Assigned task:
Once the line containing "Metallic Italian Herringbone" is reached in the listing below, reproduce it and all later lines through the final one exactly, but omit any pictures.

Exercise materials:

• • • •

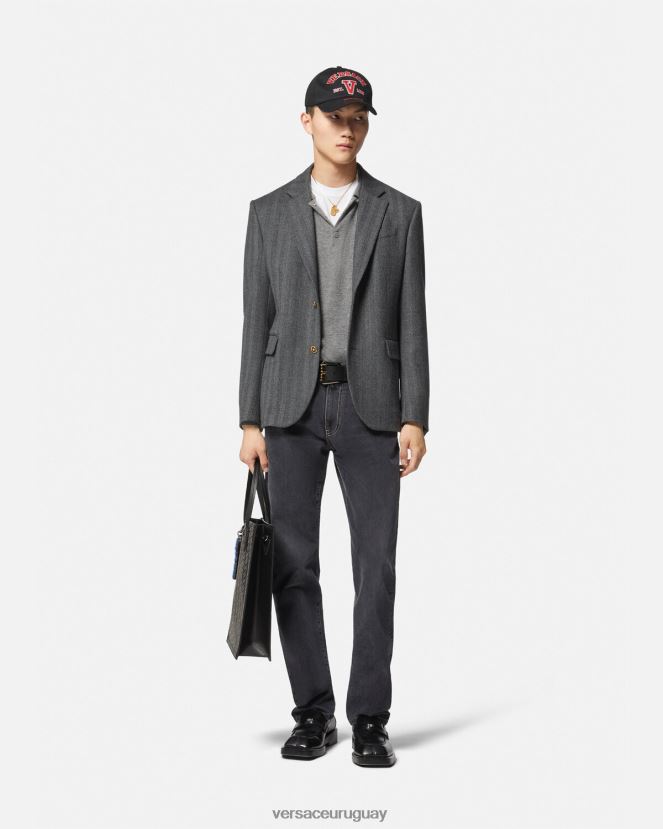 Versace blazer de cachemir con medusa hombres gris ropa H88R0H1263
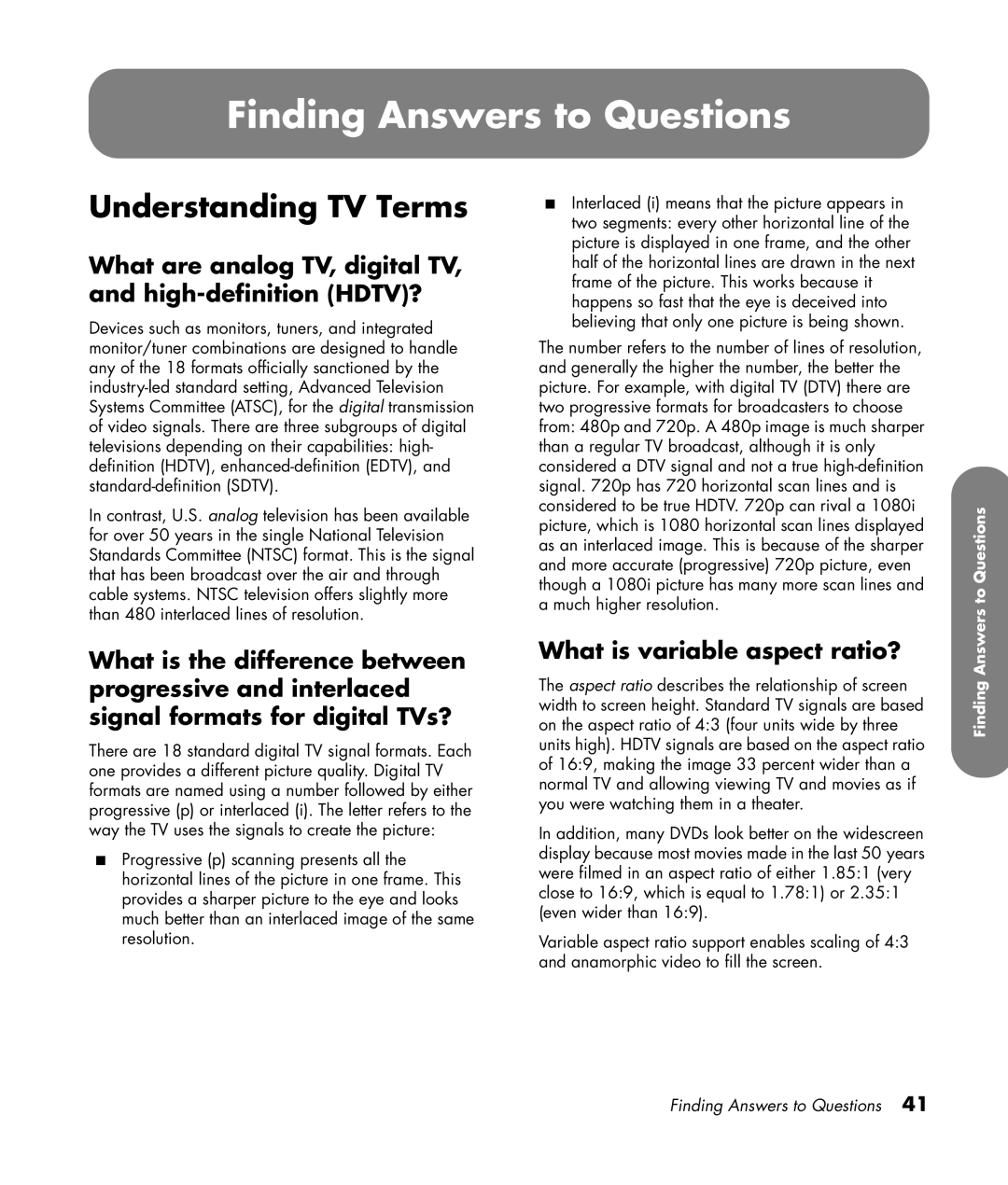 HP PL4260N 42 inch Plasma manual Finding Answers to Questions, Understanding TV Terms, What is variable aspect ratio? 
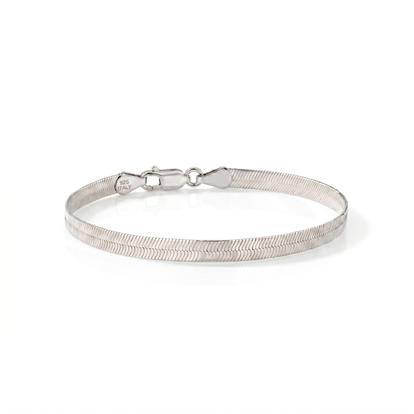 Metallic Italian Herringbone Sterling Chain Bracelet
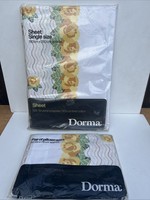 Vintage Dorma Single Flat Sheet And 2 Pillowcases 1970s – Floral 💐Design New.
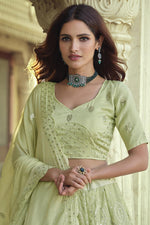 Load image into Gallery viewer, Chic Georgette Fabric Sangeet Wear Green Color Sequins Work Lehenga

• • • •

Solution:
 Metallic Italian Herringbone Sterling Chain Bracelet
 Vintage Dorma Single Flat Sheet And 2 Pillowcases 1970s – Floral 💐Design New.
 Load image into Gallery viewer, Chic Georgette Fabric Sangeet Wear Green Color Sequins Work Lehenga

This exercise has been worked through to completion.